- The Washington Times - Monday, June 9, 2003

Sen. Hillary Rodham Clinton still believes that a vast right-wing conspiracy was out to get her husband.

Mrs. Clinton told Barbara Walters in an exclusive interview aired last night on ABC that she believes that a mysterious, unnamed group of people was out to destroy President Clinton from day one and brought about his impeachment.

“I would say that there is a very well-financed right-wing network of people that was after his presidency from the very beginning, really stopped at nothing, even to the point of perverting the Constitution, in order to undermine what he was trying to do for the country,” Mrs. Clinton told Miss Walters.

Mrs. Clinton revealed her theory Jan. 27, 1998, on NBC’s “Today,” where she told host Matt Lauer that her husband did not have an affair with White House intern Monica Lewinsky.

“The great story here for anybody willing to find it and write about it and explain it is this vast right-wing conspiracy that has been conspiring against my husband since the day he announced for president,” she said then.

“A few journalists have kind of caught onto it and explained it, but it has not yet been fully revealed to the American public. And actually, in a bizarre sort of way, this may do it,” she said, adding that she was “very concerned about the tactics that are being used and the kind of intense political agenda at work here.”

Mrs. Clinton repeated her theory to Miss Walters in a prime-time interview that begins a flurry of media appearances and a celebritylike tour to push her book, “Living History.”

Last night, Mrs. Clinton also said she has no plans to run for president.

“Absolutely, I’d say no,” she told Miss Walters, offering her advice to those hoping she would run: “I would tell them to take a deep breath, probably two aspirins, and get a good night’s sleep.”

After Mr. Clinton admitted his involvement with Miss Lewinsky, Mrs. Clinton said she was “furious, and I stayed furious for a long time.”
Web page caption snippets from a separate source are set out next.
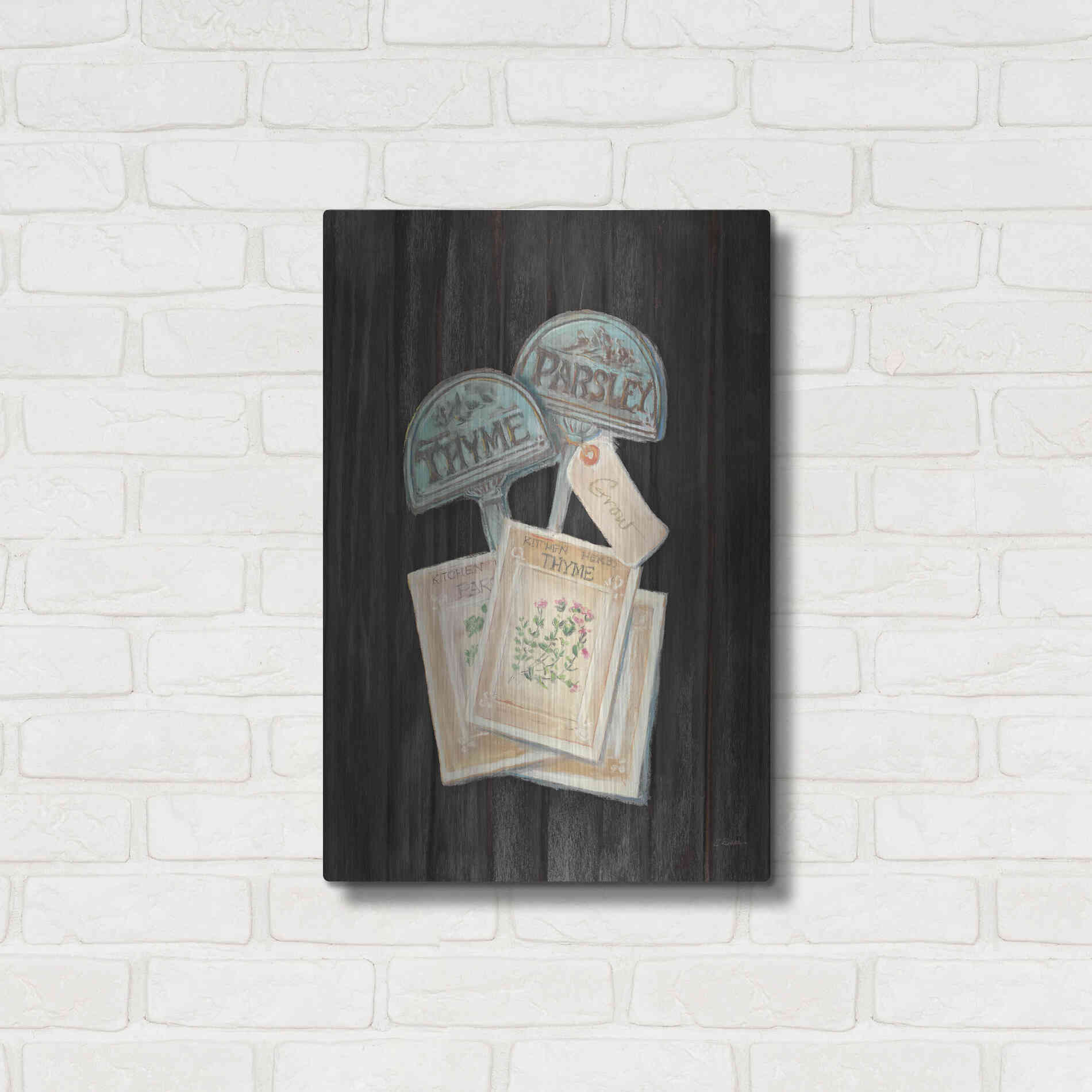 Luxe Metal Art 'Seed Packs Black Wood' by Carol Rowan, Metal Wall Art,16x24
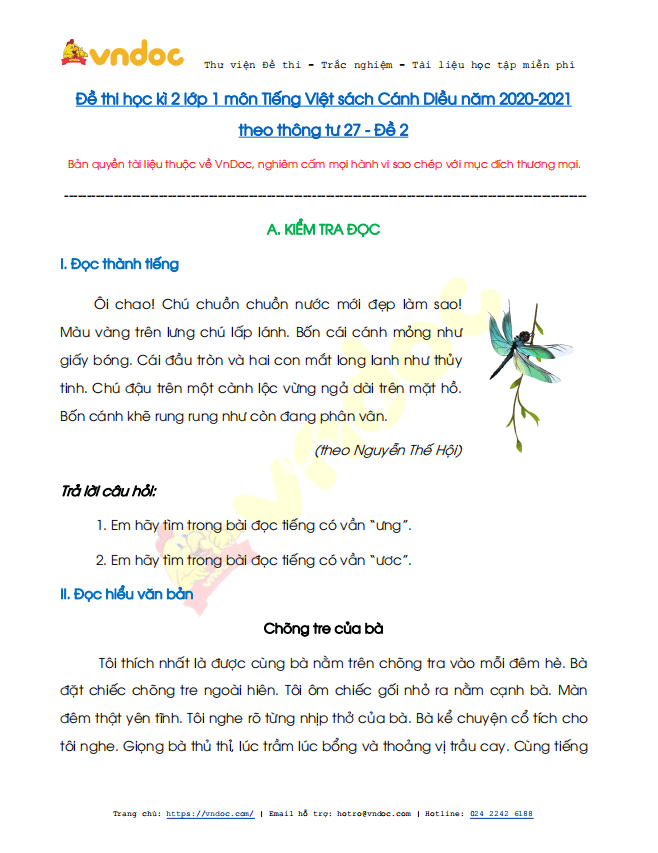Đề thi học kì 2 lớp 1 môn Tiếng Việt sách Cánh Diều năm 2020-2021 theo Thông tư 27 - Đề 2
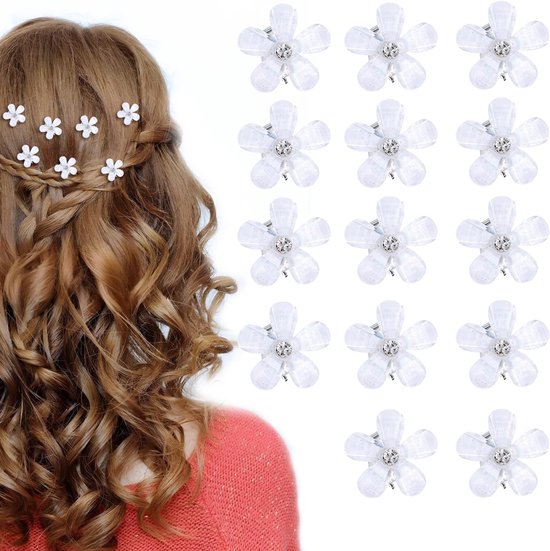 10 pièces mini épingles à cheveux à fleurs blanches, bijoux de mariée, fleurs, épingles à cheveux, épingles à cheveux décoratives, accessoires pour cheveux pour filles, coiffure de mariée, communion, fête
She said that during an August 1998 vacation after Mr. Clinton’s admission of his affair, the president’s dog, Buddy, “was the only member of our family that wanted to be with Bill.”

Reminded that she had stood by her husband in 1992 when he denied an affair with an Arkansas woman, Gennifer Flowers — but that he’d later admitted the affair under oath — Mrs. Clinton avoided a direct answer to Miss Walters’ question.

She similarly deflected a question about the role of her health care plan in sparking the Republican takeover of Congress in the 1994 elections, saying only that her plan “inspired a lot of opposition.”

Mrs. Clinton’s 2003 summerlong book tour of major American cities will include wristbands, like those used for ticket-buyers at rock concerts, for the first 250 fans.

A Barnes & Noble in midtown Manhattan is counting on heavy crowds for today’s book-signing, the first in Mrs. Clinton’s tour.

Store managers will distribute wristbands to the first 250 persons seeking autographed copies of the senator’s book, to make sure everyone in line has a copy.

This article is based in part on wire service reports.